Many manuscripts—literally, documents written by hand—from medieval Europe were supplemented with decorations that ranged from ornate initials and borders to illuminations that dominated the page. For a largely illiterate population, these illustrations often conveyed the essential meaning of the text more successfully than the words.
The lives of Christian saints—their martyrdom and miracles—were frequently the subject of these illustrations. Miracles and Martyrs: Saints in the Middle Ages at the Getty Center features an extraordinary collection of illuminated manuscripts portraying saints from the J. Paul Getty Museum’s permanent collection. Just as medieval viewers would have learned about the saints’ piety and faithfulness by studying these illustrations, drawing inspiration and comfort from them, the manuscripts continue to spread the legends of the saints to their modern audience.

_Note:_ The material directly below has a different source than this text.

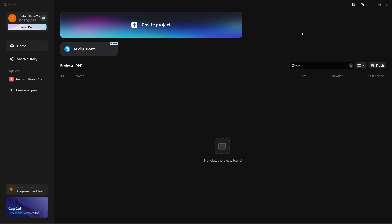In this video I'm going to show you how to change account in CapCut PC. This is actually quite simple. Once you open up CapCut you should see this screen along with all the videos you've ever edited or created down here.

One manuscript portrays Saint Catherine serenely touching a spiked breaking wheel, an instrument of torture. According to legend, at her touch, this torture device intended for her was miraculously destroyed, but she was later beheaded.
Another manuscript portrays Saint Jerome removing a thorn from the paw of a lion, using golden tweezers (above).
The exhibition is presented in two parts. After the first installation, which ran from September 3 to December 3, 2013, the pages of the manuscripts on display were turned to reveal other illuminations.